Violations of the blood and lymphatic system
Infrequently: leukopenia, eosinophilia, thrombocytopenia.
Frequency unknown: insufficiency of bone marrow hematopoiesis, pancytopenia, neutropenia, agranulocytosis, hemolytic anemia.
Immune system disorders
Infrequently: The reaction of Yarisch-Gerkeimer. As with the use of other antibiotics, in the treatment of borreliosis during the first days of therapy, the development of the Yarisch-Gerkeheimer reaction is possible. There are reports of the occurrence of one or more symptoms after a few weeks of treatment of borreliosis: skin rash, itching, fever, leukopenia, increased activity of "liver" enzymes, shortness of breath, discomfort in the joints. It should be borne in mind that to some extent, these manifestations are consistent with the symptoms of the underlying disease, over which the patient is receiving treatment.
Frequency unknown: anaphylactic reactions, angioedema, bronchospasm, anaphylactic shock.
Disorders from the nervous system
Infrequently: convulsions.
Frequency unknown encephalopathy (eg, impaired consciousness, impaired motor activity), headache, dizziness.
Heart Disease
Frequency unknown: arrhythmias (due to rapid bolus administration through the central venous catheter).
Disorders from the gastrointestinal tract
Infrequently: diarrhea
Frequency unknown: nausea, vomiting, abdominal pain, pseudomembranous colitis
Disturbances from the liver and bile ducts
Infrequently: an increase in the activity of "hepatic" enzymes (alanine aminotransferase (ALT), aspartate aminotransferase (ACT), lactate dehydrogenase (LDH), gamma-glutamyltransferase (gamma-GT), alkaline phosphatase (AFP), and / or bilirubin concentration. These deviations in laboratory indicators (which can also be explained by the presence of infection) rarely exceed the upper limit of the norm by a factor of 2 and indicate liver damage manifested by cholestasis and often asymptomatic.
Frequency unknown: hepatitis (sometimes with jaundice).
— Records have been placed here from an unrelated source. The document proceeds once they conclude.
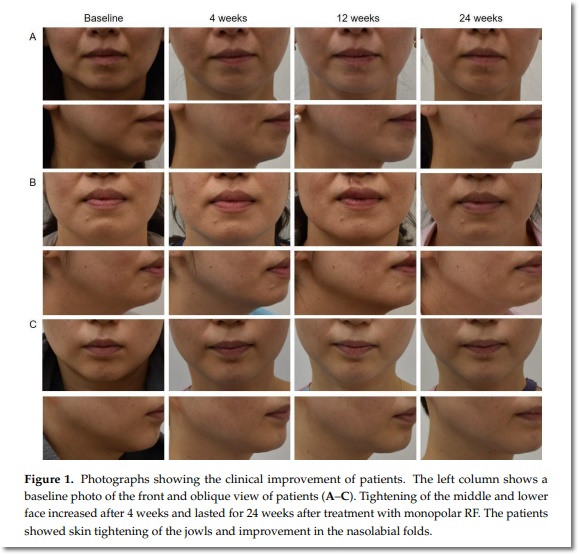 올리지오 유지기간 얼마나 오래가는지 궁금하다면? 관련 이미지 7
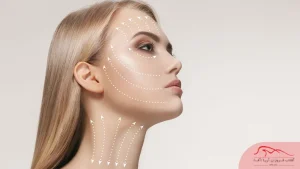 بررسی قوی‌ترین متدهای لیفتینگ دنیا - آفاطب
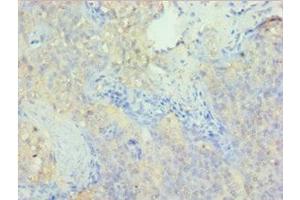 Immunohistochemistry (IHC) image for anti-PDZ and LIM Domain 1 (PDLIM1) (AA 1-329) antibody (ABIN7162721)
Disturbances from the skin and subcutaneous tissues
Infrequently: a rash, itching, hives.
Frequency unknown: erythema multiforme, Stevens - Johnson syndrome, toxic epidermal necrolysis, acute generalized exanthematous pustulosis.
Disorders from the kidneys and urinary tract
Infrequently: decreased renal function, increased creatinine concentration, especially when combined with aminoglycosides.
Frequency unknown: acute renal failure, interstitial nephritis.
General disorders and disorders in the place of attention
Often: pain at the injection site (with intramuscular injection).
Infrequently: fever inflammatory reactions at the injection site, including phlebitis / thrombophlebitis.
Frequency unknown: when administered intramuscularly, if the solvent is used lidocaine, it is possible to develop systemic reactions associated with lidocaine, especially in cases of unintentional intravenous administration of the drug, injection into highly vascularized tissue or overdose.